Thanks to all of this, the matter of whether to offer sports betting in Oregon came down to a decision by the lottery commission. There is a bit more to the story than this, but the end result is that Oregon will be the first Northwest state that has given sports betting the green light. 

No Vote, but Opponents Abound

Even though this story seems like one of a simple, cut and dry decision on the part of the Oregon Lottery, happenings on the US sports betting scene rarely go over so smoothly. The first level of opposition came in the form of a few senators who attempted to amend a separate bill in a way that would disallow the lottery from offering any games “via the internet” or “via mobile devices.” Fortunately, this movement did not gain much traction and the amendment was eventually done away with.

Sports Betting Operator’s Integrity Questioned

Another interesting facet of this story took place in the wake of the Oregon Lottery Commission’s decision to award the sole mobile operator license to a firm known as SBTech.
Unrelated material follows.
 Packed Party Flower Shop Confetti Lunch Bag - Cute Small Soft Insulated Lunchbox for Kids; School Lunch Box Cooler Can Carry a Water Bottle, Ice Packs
On its face, this seems like a relatively fitting choice seeing as SBTech already operates in a few other US states and has a longstanding reputation with brands in Europe and elsewhere around the world. In reality, there quickly arose questions about the operator’s integrity as it relates to operating in jurisdictions where sports betting is illegal

Unsurprisingly enough, these questions arose directly from the firm that finished second place in the Oregon Lottery’s Request for Proposal, Scientific Games. In a public letter, Scientific Games accused SBTech of being affiliated with a site—10Bet—that was supposedly operating illegally in Belgium. This event ended up being more of a flash in the pan than anything else as it also gained little traction. SBTech was quick to deny the accusations, and the Oregon Lottery’s chief gaming officer, Farshad Allahdadi, came out in support of the brand. Considering that SBTech passed all of the background checks levied against it by the Oregon Lottery Commission, it seems safe to say that they are a trustworthy operator. After all, they already operate in both Mississippi and Atlantic City.
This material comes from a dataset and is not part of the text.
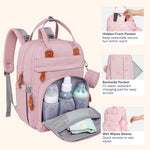 BabbleRoo Diaper Bag Backpack - Baby Essentials, Travel Essentials Baby Bag with Changing Pad, Stroller Straps & Pacifier Case - Unisex, Pink Birdy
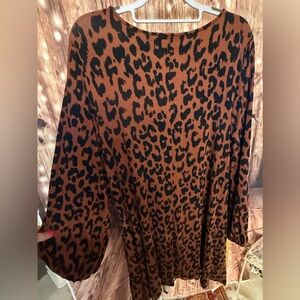 NY&C Leopard Print Dress
 Long Sleeve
While sports betting will be offered via a mobile platform supported by SBTech, it will exist in somewhat different fashion from what we see elsewhere around the country. During the initial stages of Oregon sports betting, bettors will only be able to place wagers on professional sporting events. This means that “amateur” athletics, such as NCAA football and basketball, will be excluded from offer. The movers and shakers of the Oregon Lottery Commission have made it clear that the option is on the table for the future, but have chosen to stay away from now.

If mobile sports betting is set to be on offer by September, the estimation is that betting kiosks will be available shortly after 2020 begins. Betting kiosks will be located at most locations that currently offer lottery tickets (such as gas stations), but they will eventually be placed elsewhere, in restaurants and bars.